When working with Moran's I, every value has an impact on the results. Extreme high and low values can skew the overall dataset, so where you opt to draw the line for outliers can impact the final output and generate vastly different maps. In my data exploration, I attempted a variety of slightly varied outlier trims before landing on maps that I felt best represented the data. I first visualized spatial autocorrelation for all of New York City, but since the five boroughs vary greatly (it is hard to find many similarities between Manhattan and Staten Island, for example), I drilled down to look at each borough independently. In addition to the maps of clusters and outliers, I included three heat maps displaying population per square mile, tree count per square mile, and median household income. Although income was not included in my analysis, I found it informative to consider a snapshot of its distribution.
map of New York City, using Local Moran's I statistic to display hotspots and outliers of Trees per Capita, per 2020 census tract
New York City, heat map, census tract, population per square mile
New York City, heat map, census tract, trees per square mile
New York City, heat map, census tract, median household income

map of Manhattan, New York City, using Local Moran's I statistic to display hotspots and outliers of Trees per Capita, per 2020 census tract
Manhattan, New York City, heat map, census tract, population per square mile
Manhattan, New York City, heat map, census tract, trees per square mile
Manhattan, New York City, heat map, census tract, median household income

map of Brooklyn, New York City, using Local Moran's I statistic to display hotspots and outliers of Trees per Capita, per 2020 census tract
Brooklyn, New York City, heat map, census tract, population per square mile
Brooklyn, New York City, heat map, census tract, trees per square mile
Brooklyn, New York City, heat map, census tract, median household income

map of Queens, New York City, using Local Moran's I statistic to display hotspots and outliers of Trees per Capita, per 2020 census tract
Queens, New York City, heat map, census tract, population per square mile
Queens, New York City, heat map, census tract, trees per square mile
Queens, New York City, heat map, census tract, median household income

map of Bronx, New York City, using Local Moran's I statistic to display hotspots and outliers of Trees per Capita, per 2020 census tract
Bronx, New York City, heat map, census tract, population per square mile
Bronx, New York City, heat map, census tract, trees per square mile
Bronx, New York City, heat map, census tract, median household income

map of Staten Island, New York City, using Local Moran's I statistic to display hotspots and outliers of Trees per Capita, per 2020 census tract
Staten Island, New York City, heat map, census tract, population per square mile
Staten Island, New York City, heat map, census tract, trees per square mile
Staten Island, New York City, heat map, census tract, median household income

Tree Counts

Spatial autocorrelation makes for interesting maps, but ultimately serves to raise more questions than answers. My analysis stopped at the visualizations, and did not further explore what variables might explain the presence of hot spots or outliers. Additionally, clean maps with no geographic labels are visually appealing, but make it difficult to orientate oneself and pinpoint specific areas. It was with these limitations in mind that I opted to explore a more straightforward metric - trees per square mile by neighborhood.

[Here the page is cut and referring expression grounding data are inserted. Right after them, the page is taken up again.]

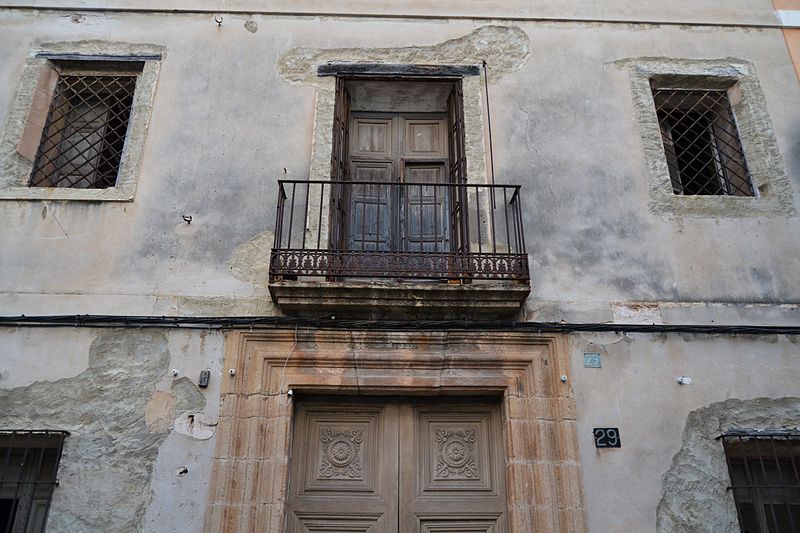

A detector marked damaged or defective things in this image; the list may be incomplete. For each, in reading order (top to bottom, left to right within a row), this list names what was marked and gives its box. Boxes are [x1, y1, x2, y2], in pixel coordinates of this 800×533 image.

rusty metal grille [28, 72, 137, 189]
rusty metal grille [652, 87, 752, 195]
rusty metal grille [0, 428, 66, 532]
peeling plaster [656, 396, 800, 528]
rusty metal grille [720, 430, 796, 528]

To be consistent with the tree census geography, I worked with the 2010 neighborhood tabulation areas (NTAs). I created heat maps to visualize trees per square mile in New York City and each borough individually. The borough maps are directly labeled with neighborhood names and actual tree counts. Finally, for each geographic breakdown, I cited neighborhoods with the lowest and highest tree counts per square mile.
New York City, NTAs, neighborhood, heat map, trees per square mile
bar chart, New York City neighborhoods, NTAs, lowest tree counts per square mile
bar chart, New York City neighborhoods, NTAs, highest tree counts per square mile

Manhattan, New York City, NTAs, neighborhood, heat map, trees per square mile, tree count
Manhattan, bar chart, New York City neighborhoods, NTAs, lowest tree counts per square mile
Manhattan, bar chart, New York City neighborhoods, NTAs, highest tree counts per square mile

Brooklyn, New York City, NTAs, neighborhood, heat map, trees per square mile, tree count
Brooklyn, bar chart, New York City neighborhoods, NTAs, lowest tree counts per square mile
Brooklyn, bar chart, New York City neighborhoods, NTAs, highest tree counts per square mile

Queens, New York City, NTAs, neighborhood, heat map, trees per square mile, tree count
Queens, bar chart, New York City neighborhoods, NTAs, lowest tree counts per square mile
Queens, bar chart, New York City neighborhoods, NTAs, highest tree counts per square mile

Bronx, New York City, NTAs, neighborhood, heat map, trees per square mile, tree count
Bronx, bar chart, New York City neighborhoods, NTAs, lowest tree counts per square mile
Bronx, bar chart, New York City neighborhoods, NTAs, highest tree counts per square mile

Staten Island, New York City, NTAs, neighborhood, heat map, trees per square mile, tree count
Staten Island, bar chart, New York City neighborhoods, NTAs, lowest tree counts per square mile
Staten Island, bar chart, New York City neighborhoods, NTAs, highest tree counts per square mile

Concluding Thoughts

My data exploration only considered one spatial statistics question: "Where?" Where are the clusters and outliers? I have yet to ask why the clusters and outliers are occurring where they do. How they are influencing one another? What other factors are contributing to these outcomes? I also have not yet considered how this exploration could be put to practical use - for example, could these answers help to determine where the city should plant future trees?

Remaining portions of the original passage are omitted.